Un report dei danni del Ciclone Gabrielle in Nuova Zelanda: meteo devastante
Come nelle previsioni, piogge record, gravi danni ed onde altissime hanno investito l’isola settentrionale della Nuova Zelanda, presa in pieno dalla

Gravissimi i danni apportati all’Isola settentrionale, che è stata investita in pieno dal Ciclone
Come nelle previsioni, piogge record , gravi danni ed onde altissime hanno investito l’isola settentrionale della Nuova Zelanda, presa in pieno dalla tempesta tropicale che è arrivata di direzione nord ovest – sud est.
Anzitutto la pressione atmosferica, che ha raggiunto un valore minimo di 968,3 hPa nella stazione di Whitianga, valore che non è comunque record per l’Isola (che è attorno ai 962 hPa) , ma è comunque l’ottavo valore più basso mai registrato in un secolo e mezzo.
La stessa Whitianga ha misurato anche uno “storm surge” (onda di marea causata dalla tempesta) di 70 cm, valore più alto di sempre.
Al largo della costa di Baia di Plenty sono state misurate delle onde dell’altezza di 11 metri.

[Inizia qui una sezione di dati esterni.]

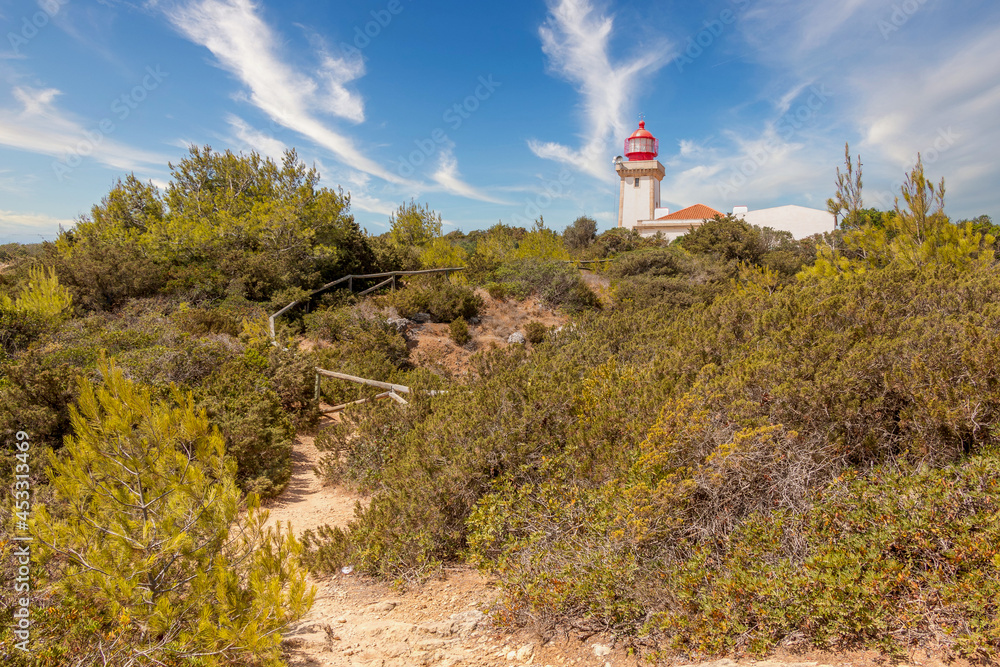 Beautiful Alfanzina Lighthouse in the coastal area of Carvoeiro, Algarve - Portugal Beautiful Alfanzina Lighthouse in the coastal area of Carvoeiro, Algarve - Portugal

Il vento poi ha soffiato fino ad una punta massima di oltre 140 km/h su diverse località della costa.
E poi le grandi precipitazioni: dal 12 al 14 Febbraio la località Raparapariki ha misurato una quantità di pioggia pari a 568 mm di pioggia, fatto che non ha precedenti da quando si prendono misure.
Inoltre 375 mm sono stati rilevati a Fernside , 345 mm a Whangarei, 305 mm a Trounson, infine 299 mm a Brynderwyn.
La città di Auckland ha già ricevuto, in 45 giorni, oltre la metà della pioggia annuale.
A Wairoa, il locale fiume ha rotto gli argini, allagando circa il 15% del territorio cittadino.
8000 persone sono rimaste privi di acqua, corrente elettrica e comunicazioni.
La città di Omahu è stata evacuata , a causa dello straripamento del fiume Ngaruroro.
Gravi danni ed evacuazioni degli abitanti anche nella Valle di Eskdale.
Una parziale tregua nel fortissimo maltempo è prevista adesso per queste zone, dove nei prossimi giorni prenderà piede una zona di alta pressione.
Qualche precipitazione è prevista per il passaggio di una perturbazione a metà della prossima settimana, la cui traiettoria però rimane meridionale, investendo maggiormente la parte sud della Nuova Zelanda.